While my master’s degree was full of “firsts,” these past two semesters also included a lot of “lasts.” I’ve spent the past year thinking about what my lasts would be. What would be my last article in The Stute? What would be my last assignment submitted before 11:59 p.m.? When is the last time I would hang out with all my friends in one place before we go our separate ways post-grad? For anyone graduating, there’s this pressure to “make the last year count” while balancing school, work, and the post-grad unknown.
Last year, I graduated, and the worry about the last hadn’t sunk in yet. I knew I would be back another year for my master’s degree and would still be largely involved in the organizations that were a significant part of my undergraduate experience. Still, I celebrated all of my friends’ last times with them. We spent as much time together as we could. It was only a month later at a friend’s graduation party that I fully realized that my turn to experience all the lasts was coming up, and that they wouldn’t be there with me for it.
I’m the last active person from the group I joined, The Stute. I’m the last member of my pledge class to be fully active in my sorority. I’m the last person from my original friend group to still have the opportunity to regularly walk up the 9th Street hill and take in the view on campus. Although getting a master’s degree can feel like a lonely pursuit, especially when many of the people I previously had classes with graduated, I’m eternally grateful that I remained involved in The Stute and Theta Phi Alpha. When things were rough, I always had people from these organizations to spend time with — and be there for many of my lasts.
Although much of this essay has focused on my past, I want to emphasize the importance of being in the present. As April began and then turned into May, I found myself not as preoccupied with my lasts. I’ve often been told by friends, family, and even some professors that I think too much. Some time in April, someone in my life had told me that I spend too much time worrying about the future or ruminating over the past. This wasn’t the first time I’ve been told that, but I made sure it would be the last.
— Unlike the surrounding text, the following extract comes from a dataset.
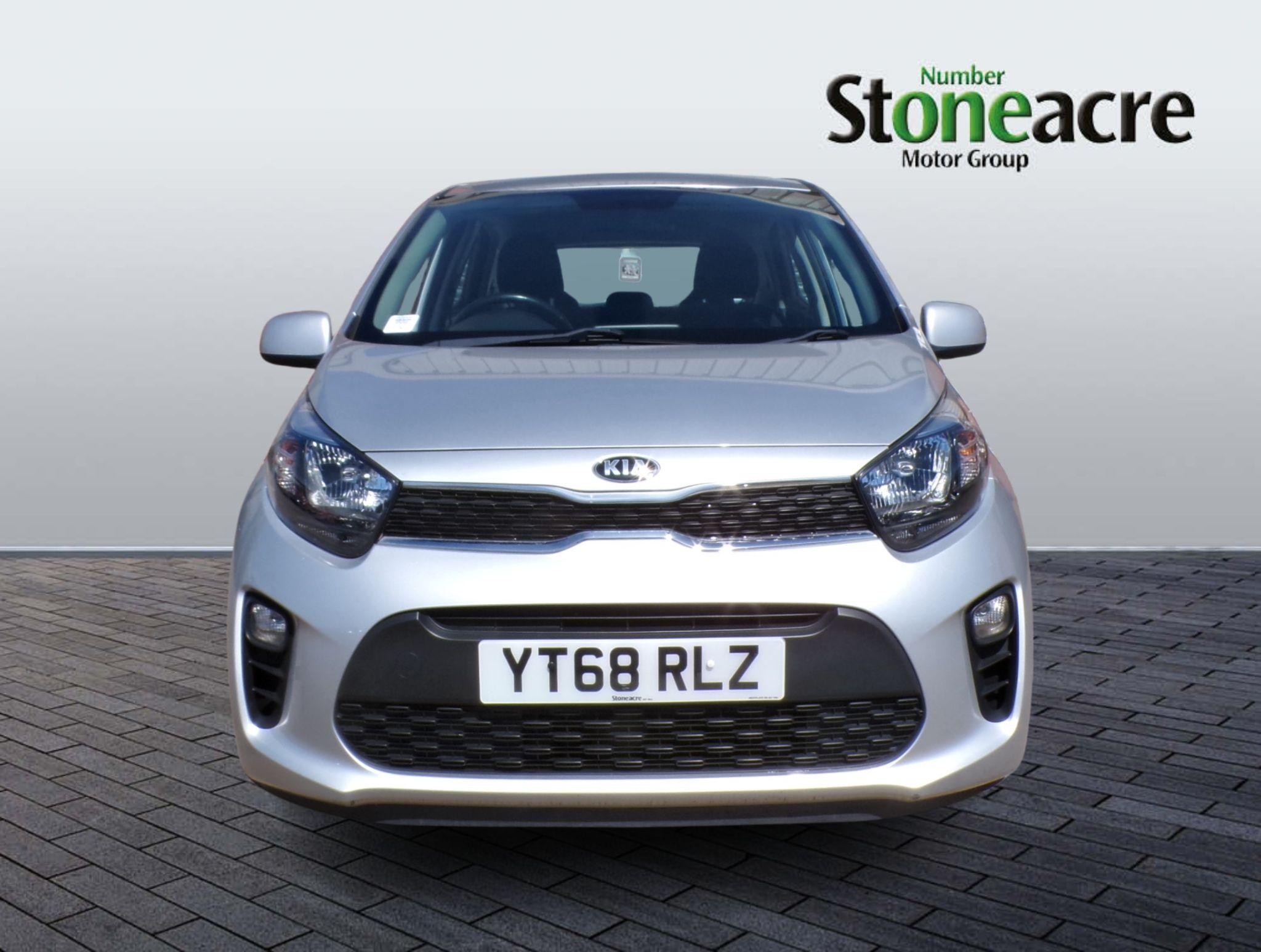 Kia Picanto Image 6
These past weeks have been some of the best times of my life, and that is because I allowed myself to focus on the present and all that I have within it. From coffee runs to apartment visits to spontaneous adventures in the city, I’ve truly enjoyed the time I’ve spent with my friends. I’m not afraid of what my, or even our, lasts could be, because I know there are more to come. While some experiences are unique to being a student, there are so many more that are not. I’m genuinely excited for post-grad life, and for the people I will experience it with.
Recently, a passing remark reminded me of Jeffrey Zaslow and Randy Pausch’s The Last Lecture. I read this book during my freshman year of high school and promised myself that I would carry Pausch’s words with me for the rest of my life. I even bought a physical copy of the book to keep. At some point, I forgot all about that promise — until now. While that book is full of many impactful pieces of wisdom, one that always stuck out to me is “When we’re connected to others, we become better people.” This has been a recurring theme of my time here and was even a big part of the senior essay I wrote last year. The person I am today (and every day) is the result of all those I have ever known.
To any underclassmen reading this, these are some of the toughest but also most rewarding years. One thing about Stevens is that it will continue to challenge you in ways you never thought possible. What matters most of all is who’s there by your side through it all. Let your legacy be the impact you make on those around you. Those are the people who will be there for all your firsts and even some of your lasts. Try to live in the moment. Keep going, and never be afraid to keep making memories with the people around you. Every day counts.
All in all, I’m very happy with my time at Stevens and with all the memories I’ve made. Thank you to everyone who has been by my side. Your support means the world to me. To the class of 2026, remember that the end of this chapter just means the beginning of the next one. Life post-grad may feel daunting, but we’ve got this!
This is my last piece ever for The Stute. I hope I made it count.